At 04:00 GMT, Japan’s Nikkei 225 Index is trading 21765.34, down 42.16 or -0.19%. South Korean’s KOSPI Index is at 2207.09, down 2.52 or -0.11% and Hong Kong’s Hang Seng Index is at 30027.80, up 91.48 or +0.31%.

Finally, China’s Shanghai Index is trading 3243.64, down 2.93 or -0.09% and Australia’s S&P/ASX 200 is at 6215.90, up 34.60 or +0.56%.

U.S. Job Market Recap

Early Monday, Asian investors had a chance to react to the U.S. Non-Farm Payrolls report from Friday. The price action essentially mirrored the reaction by U.S. traders. Investors appreciated the big jump in payrolls, which showed the economy added 196,000 jobs in March, beating economists’ predictions of 175,000 jobs. However, concerns were raised by the dip in Average Hourly Earnings, which indicated weakening inflation. This may have caused the buying to dry up.

U.S.-China Trade Relations:  Same Old, Same Old

Over the week-end, Chinese official broadcaster CCTV reported that there was “new progress” in trade talks that wrapped in Washington on Friday, Reuters reported. These comments reiterated those of U.S. officials last week. On a positive note, new developments last week included the discussion of a draft agreement text on “contentious issues such as technology transfer, protection of intellectual property rights, and the bilateral trade balance, among others,” according to CNBC.

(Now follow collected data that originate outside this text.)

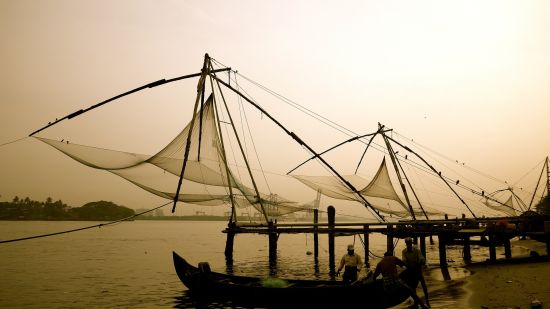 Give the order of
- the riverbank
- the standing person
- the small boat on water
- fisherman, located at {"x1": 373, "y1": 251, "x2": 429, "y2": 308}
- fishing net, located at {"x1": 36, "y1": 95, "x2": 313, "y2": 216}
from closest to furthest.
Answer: fisherman, located at {"x1": 373, "y1": 251, "x2": 429, "y2": 308}, the riverbank, the small boat on water, the standing person, fishing net, located at {"x1": 36, "y1": 95, "x2": 313, "y2": 216}

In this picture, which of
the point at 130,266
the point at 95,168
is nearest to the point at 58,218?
the point at 130,266

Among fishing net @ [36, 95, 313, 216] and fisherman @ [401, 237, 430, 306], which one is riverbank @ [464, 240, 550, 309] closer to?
fisherman @ [401, 237, 430, 306]

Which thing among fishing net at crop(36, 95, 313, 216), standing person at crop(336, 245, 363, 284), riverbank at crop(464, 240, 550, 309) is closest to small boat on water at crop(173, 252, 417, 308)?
standing person at crop(336, 245, 363, 284)

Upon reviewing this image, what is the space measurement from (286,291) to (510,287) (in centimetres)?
696

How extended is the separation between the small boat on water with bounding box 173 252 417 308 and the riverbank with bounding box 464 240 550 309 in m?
2.35

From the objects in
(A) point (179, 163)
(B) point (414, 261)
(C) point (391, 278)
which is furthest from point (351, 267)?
(A) point (179, 163)

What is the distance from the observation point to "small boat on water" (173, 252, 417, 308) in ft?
35.2

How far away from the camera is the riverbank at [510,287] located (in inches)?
413

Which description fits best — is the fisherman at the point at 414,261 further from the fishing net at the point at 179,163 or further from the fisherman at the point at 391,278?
the fishing net at the point at 179,163

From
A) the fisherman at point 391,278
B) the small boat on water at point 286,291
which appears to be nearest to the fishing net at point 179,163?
the small boat on water at point 286,291

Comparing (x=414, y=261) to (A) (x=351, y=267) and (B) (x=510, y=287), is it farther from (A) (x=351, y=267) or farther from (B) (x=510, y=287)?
(B) (x=510, y=287)

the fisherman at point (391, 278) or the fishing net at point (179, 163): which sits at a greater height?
the fishing net at point (179, 163)

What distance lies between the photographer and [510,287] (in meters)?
12.3

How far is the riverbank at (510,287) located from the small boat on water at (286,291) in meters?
2.35
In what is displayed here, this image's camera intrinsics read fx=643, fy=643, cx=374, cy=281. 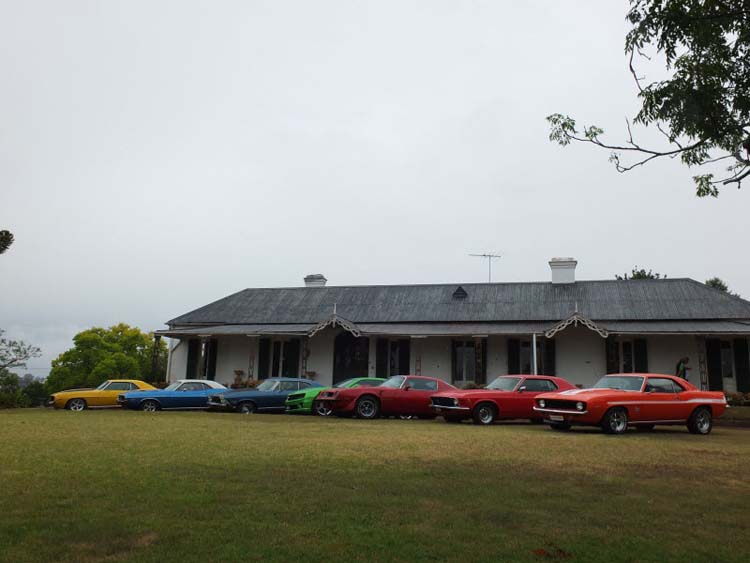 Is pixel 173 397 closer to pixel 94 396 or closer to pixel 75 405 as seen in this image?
pixel 94 396

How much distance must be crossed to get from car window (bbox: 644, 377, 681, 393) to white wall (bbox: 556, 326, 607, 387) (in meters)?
11.6

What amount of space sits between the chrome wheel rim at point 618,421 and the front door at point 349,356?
15803 millimetres

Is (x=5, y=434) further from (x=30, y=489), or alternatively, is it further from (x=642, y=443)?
(x=642, y=443)

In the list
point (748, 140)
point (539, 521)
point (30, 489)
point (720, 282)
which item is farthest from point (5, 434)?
point (720, 282)

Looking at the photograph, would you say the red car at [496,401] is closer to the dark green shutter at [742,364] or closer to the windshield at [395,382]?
the windshield at [395,382]

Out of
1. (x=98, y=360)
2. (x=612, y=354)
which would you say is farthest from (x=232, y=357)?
(x=98, y=360)

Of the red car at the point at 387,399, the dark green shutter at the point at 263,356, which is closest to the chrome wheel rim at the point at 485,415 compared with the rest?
the red car at the point at 387,399

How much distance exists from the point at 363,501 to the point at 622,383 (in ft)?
33.6

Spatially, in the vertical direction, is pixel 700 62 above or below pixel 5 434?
above

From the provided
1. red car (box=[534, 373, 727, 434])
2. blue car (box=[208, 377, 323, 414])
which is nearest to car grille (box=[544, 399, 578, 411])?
red car (box=[534, 373, 727, 434])

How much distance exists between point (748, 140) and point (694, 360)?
1900 cm

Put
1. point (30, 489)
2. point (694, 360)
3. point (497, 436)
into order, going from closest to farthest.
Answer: point (30, 489) < point (497, 436) < point (694, 360)

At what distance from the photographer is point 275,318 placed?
105 ft

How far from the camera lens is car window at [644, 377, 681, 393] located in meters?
14.3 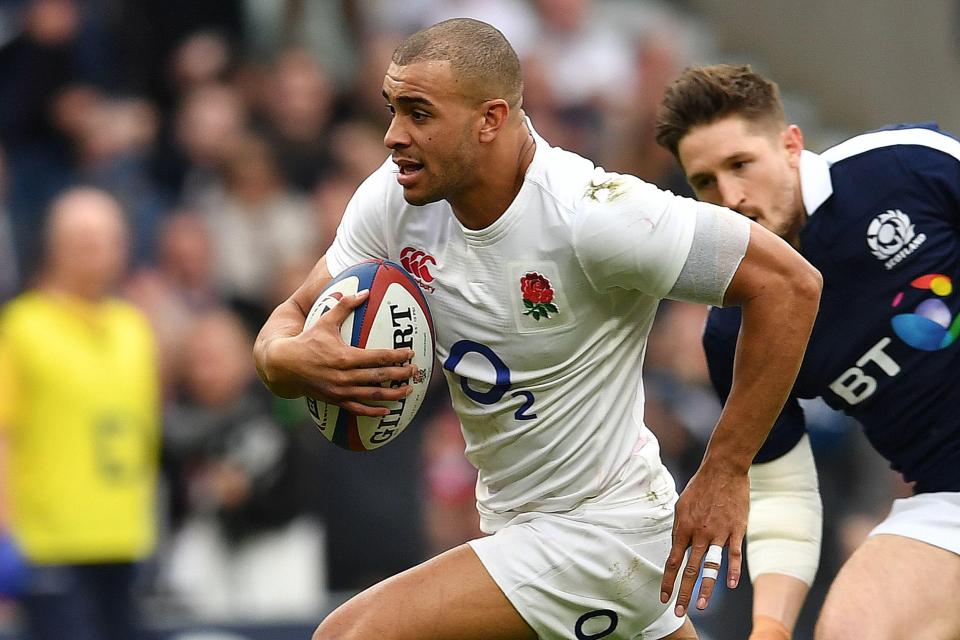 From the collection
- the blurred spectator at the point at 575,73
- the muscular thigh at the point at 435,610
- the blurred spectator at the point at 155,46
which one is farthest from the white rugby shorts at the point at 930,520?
the blurred spectator at the point at 155,46

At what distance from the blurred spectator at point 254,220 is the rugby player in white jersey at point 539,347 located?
4895mm

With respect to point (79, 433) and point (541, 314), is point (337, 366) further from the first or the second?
point (79, 433)

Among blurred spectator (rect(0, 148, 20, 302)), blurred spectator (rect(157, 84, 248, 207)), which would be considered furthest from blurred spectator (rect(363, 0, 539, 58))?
blurred spectator (rect(0, 148, 20, 302))

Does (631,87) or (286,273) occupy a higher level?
(631,87)

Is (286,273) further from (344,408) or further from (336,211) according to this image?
(344,408)

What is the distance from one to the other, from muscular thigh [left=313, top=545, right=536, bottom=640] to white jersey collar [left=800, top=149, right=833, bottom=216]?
1500 millimetres

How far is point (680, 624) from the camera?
14.8 ft

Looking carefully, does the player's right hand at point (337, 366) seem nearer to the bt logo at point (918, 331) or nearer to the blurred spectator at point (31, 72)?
the bt logo at point (918, 331)

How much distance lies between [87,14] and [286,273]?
2.26m

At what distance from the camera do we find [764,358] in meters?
4.08

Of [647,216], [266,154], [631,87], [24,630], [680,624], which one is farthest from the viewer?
[631,87]

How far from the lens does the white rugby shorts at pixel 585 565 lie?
13.9 ft

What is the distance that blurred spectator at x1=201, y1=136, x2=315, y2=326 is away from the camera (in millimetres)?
9344

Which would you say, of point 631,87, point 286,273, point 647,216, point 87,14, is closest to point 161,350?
point 286,273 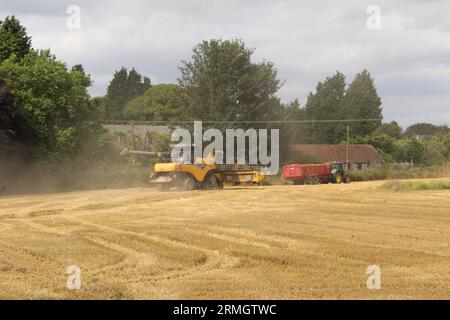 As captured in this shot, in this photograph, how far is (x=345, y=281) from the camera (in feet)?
36.6

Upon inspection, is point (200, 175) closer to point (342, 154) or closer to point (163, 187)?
point (163, 187)

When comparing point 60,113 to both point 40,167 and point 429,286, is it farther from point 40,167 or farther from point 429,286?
Result: point 429,286

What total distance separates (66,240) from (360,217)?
10.2 metres

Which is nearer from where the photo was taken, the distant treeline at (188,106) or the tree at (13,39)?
the distant treeline at (188,106)

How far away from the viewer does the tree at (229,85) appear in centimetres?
6006

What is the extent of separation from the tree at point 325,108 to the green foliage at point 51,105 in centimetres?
6050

The tone remains positive, but investors may be growing a little tired of the day-to-day commentary, and are likely desiring something more concrete like the announcement of the deal that finally ends the trade dispute. President Trump said last week that a deal may be about four weeks away.

Earnings Season Worries

First quarter earnings season kicks off on Friday, April 12, with J.P. Morgan Chase announcing before the market opens.

According to Data Trek Research’s Nicholas Colas, “Right now expectations are for a negative 3.9% comp from last year. That’s the worst comp and the first negative comp since 2Q of ’16.”

“Analysts have been taking their numbers down dramatically over the course of the quarter. We started the quarter basically thinking up 3% now we’re looking more like down 4%,” he added. “That’s the biggest decline since the first quarter three years ago.”

Colas and other analysts don’t think most investors are prepared for disappointing numbers. However, there are some who believe investors may be able to ride out the weakness due to an optimistic outlook for a trade deal and the dovish Federal Reserve.